Hecha esta declaración de intenciones, Ana Griott relató el primer cuento que se supo, una historia de zombies de su prima, que sí contaba, pero siempre el mismo. Navegó por vez primera a través de los mares para llegar hasta Cerdeña, donde dio cuenta de las peripecias del gigante Baborco, que acabó exiliado en Córcega. Luego viajó hasta África, donde la anécdota del hombre al que enterraron con el miembro erecto sirvió la historia del primer hombre, la primera mujer y el ser de sombra, la primera gran historia de la noche, con la que dio cuenta del motivo original por el que todos sin excepción morimos.

Casadas y solteras

De las lejanías regresó Ana Griott a su tierra natal para explicar que las mujeres allí hilaban y contaban reunidas en lo que llaman un filandón. Una convocatoria muy parecida, en realidad, a esta que hizo en Guadalajara convocando a todas las mujeres para hilar historias. Pero allí en León (como en Galicia y Asturias), las mujeres se reúnen en dos grupos, casadas y solteras por separado –sus miradas son radicalmente opuestas, y eso se nota en los relatos–. Así que brindó un caso de cada.
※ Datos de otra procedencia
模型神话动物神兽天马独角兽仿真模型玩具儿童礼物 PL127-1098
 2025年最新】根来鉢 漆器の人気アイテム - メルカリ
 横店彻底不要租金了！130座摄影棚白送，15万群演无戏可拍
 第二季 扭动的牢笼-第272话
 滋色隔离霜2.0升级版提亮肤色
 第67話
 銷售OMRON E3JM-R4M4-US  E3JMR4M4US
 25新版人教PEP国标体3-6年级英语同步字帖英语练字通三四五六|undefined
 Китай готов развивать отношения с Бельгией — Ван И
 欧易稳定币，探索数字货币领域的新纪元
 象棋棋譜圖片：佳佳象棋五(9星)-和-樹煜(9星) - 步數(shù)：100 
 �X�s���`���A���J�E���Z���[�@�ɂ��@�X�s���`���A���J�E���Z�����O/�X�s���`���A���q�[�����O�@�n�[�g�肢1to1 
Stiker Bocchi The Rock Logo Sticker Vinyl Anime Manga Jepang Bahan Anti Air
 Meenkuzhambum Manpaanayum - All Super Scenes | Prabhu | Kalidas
Con las casadas tiró de humor y tono pícaro para explicar aquello de “follar como descosidos”, y con las solteras se adentró en un escenario de leyenda y un derroche final de lirismo para contar un precioso cuento de una mujer loba.

Siguió con la dramática historia de Carlos/Carlota y la no menos trágica de una mujer esquimal que se casó con dos osos –estupenda de nuevo en su paso de unos registros a otros–, navegó el Atlántico para rescatar la historia de un amigo escocés que homenajea a los propios narradores orales y siguió con un cuento bosquimano que explica que nos morimos, pero no de verdad, para enfilar la recta final con un cuento científico (en realidad, surrealista) sobre cómo era la vida en el único punto que existía antes del ‘Big-Bang’ y las fuerzas que desencadenaron esta explosión primigenia.

Parecía que aquí había acabado la sesión, pero hubo un último regalo: una historia de esperanza ambientada en los gulags de la Rusia estalinista. Otro homenaje a los narradores. Concretamente, a las narradoras, a esas mujeres que, como anoche la propia Griott, en su voz ofrecen color, pálpito y aliento. En su caso lo hizo para rescatar de los silencios historias casi siempre increíbles de seres extraños a los que tal vez podamos ver por Madrid, allí donde van a parar quienes –desde León, pero también desde tantos otros sitios– finalmente deciden emigrar o exiliarse.

Pequeñas historias que encierran una ambición muy grande: explicar que “esto de los cuentos es para vivir”. Nada más y nada menos.